* [ACTIVITY]: Return each line of the data below verbatim; pictures are to be left out.

* [PROVIDED MATERIAL]:

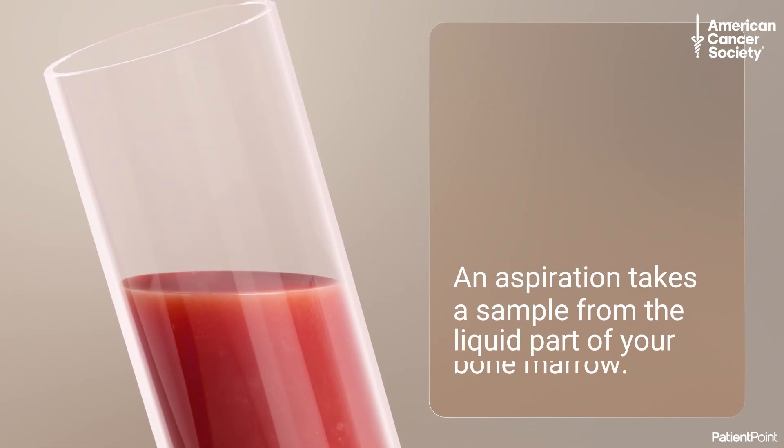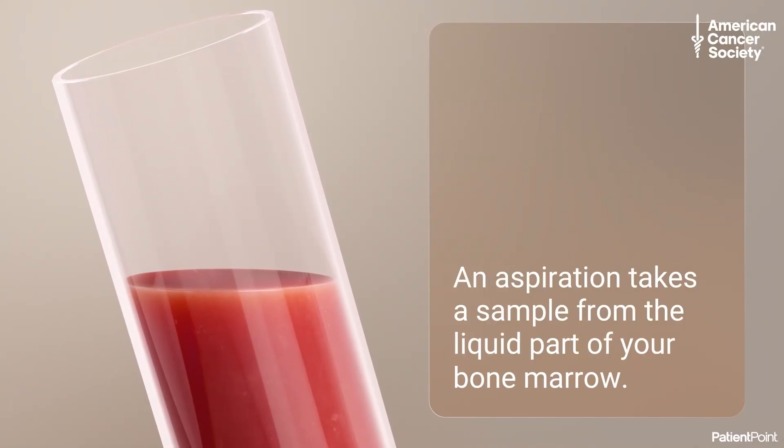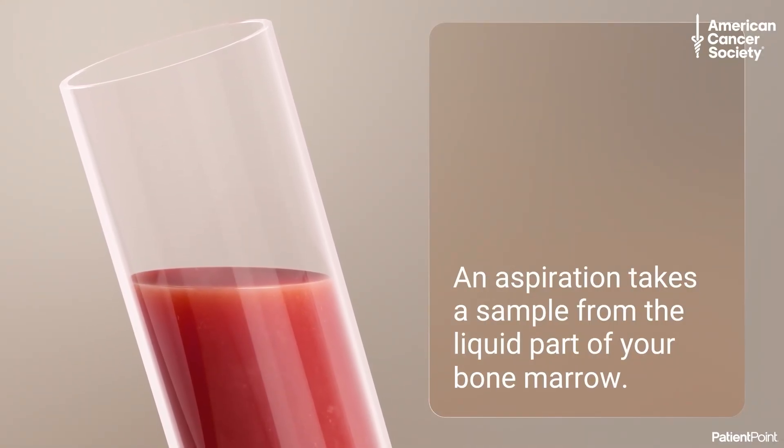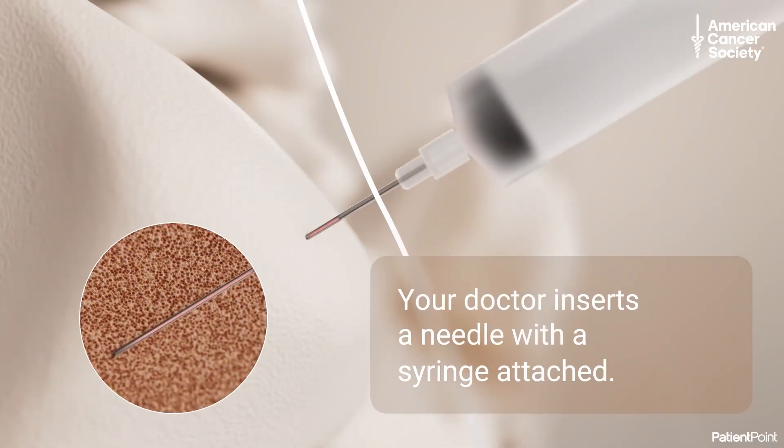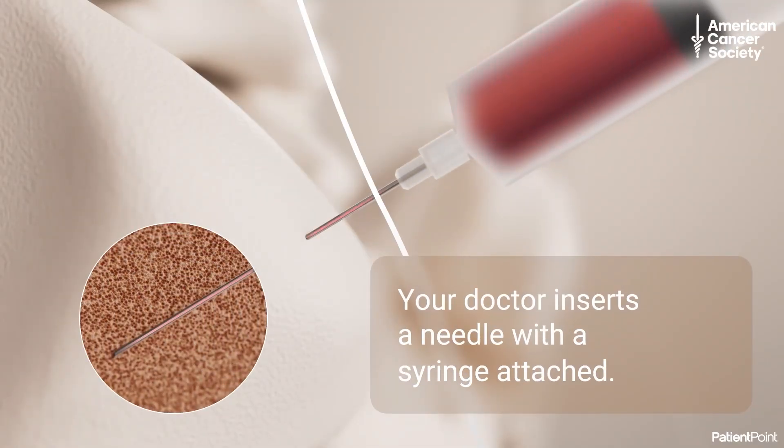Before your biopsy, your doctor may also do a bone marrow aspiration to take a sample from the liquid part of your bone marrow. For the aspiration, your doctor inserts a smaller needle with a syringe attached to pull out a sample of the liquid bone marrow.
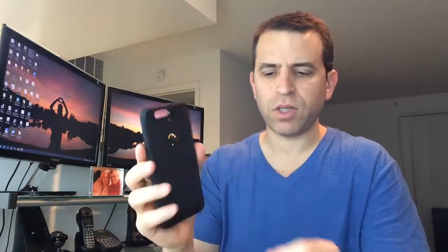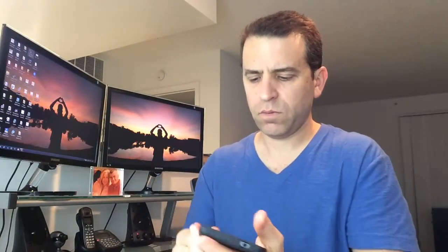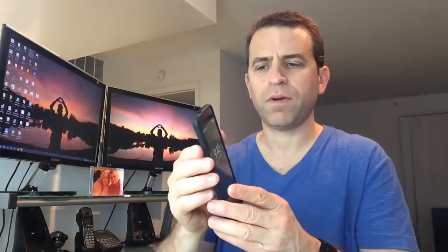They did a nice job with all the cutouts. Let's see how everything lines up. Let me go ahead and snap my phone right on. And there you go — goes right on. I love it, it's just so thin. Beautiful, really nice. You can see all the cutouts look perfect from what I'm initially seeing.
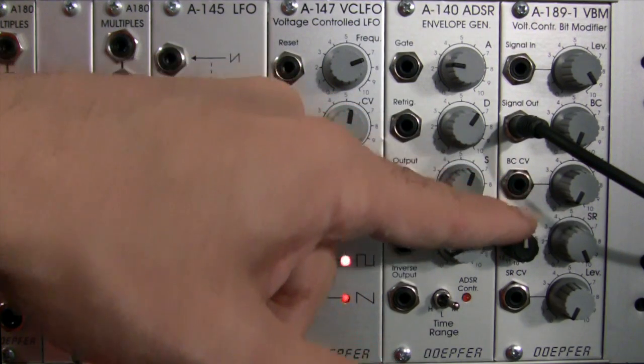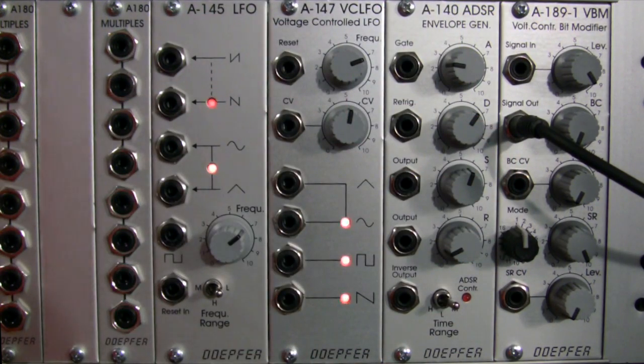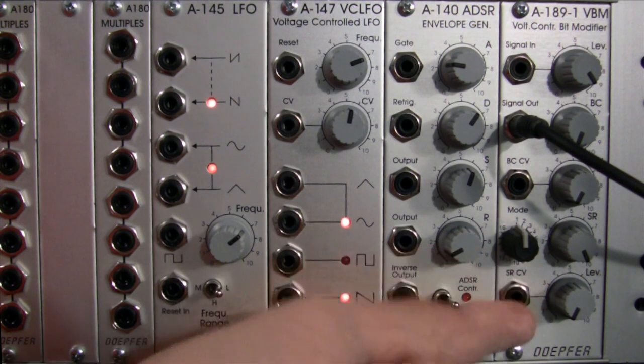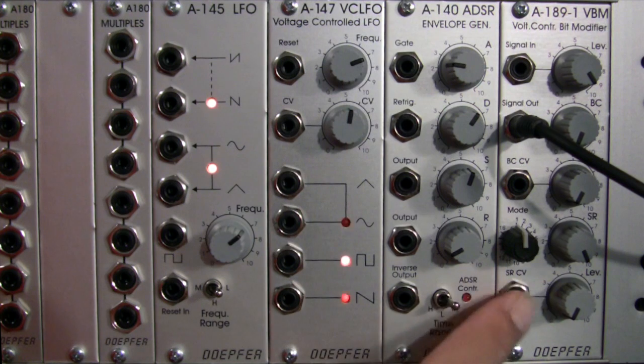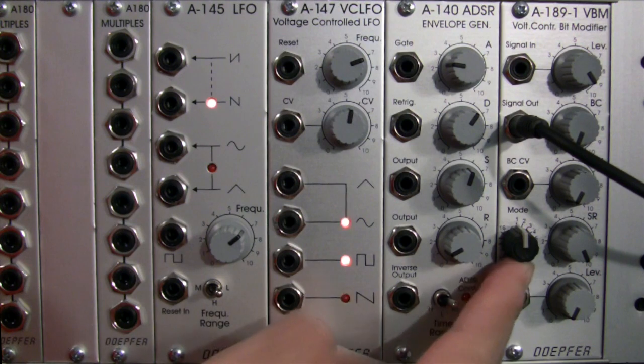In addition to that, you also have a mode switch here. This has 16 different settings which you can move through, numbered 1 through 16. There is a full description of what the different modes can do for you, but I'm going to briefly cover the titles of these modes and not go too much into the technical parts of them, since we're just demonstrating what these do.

* [EXERCISE SOLUTION]:
Before your biopsy, your doctor may also do a bone marrow aspiration to take a sample from the liquid part of your bone marrow. For the aspiration, your doctor inserts a smaller needle with a syringe attached to pull out a sample of the liquid bone marrow.
They did a nice job with all the cutouts. Let's see how everything lines up. Let me go ahead and snap my phone right on. And there you go — goes right on. I love it, it's just so thin. Beautiful, really nice. You can see all the cutouts look perfect from what I'm initially seeing.
In addition to that, you also have a mode switch here. This has 16 different settings which you can move through, numbered 1 through 16. There is a full description of what the different modes can do for you, but I'm going to briefly cover the titles of these modes and not go too much into the technical parts of them, since we're just demonstrating what these do.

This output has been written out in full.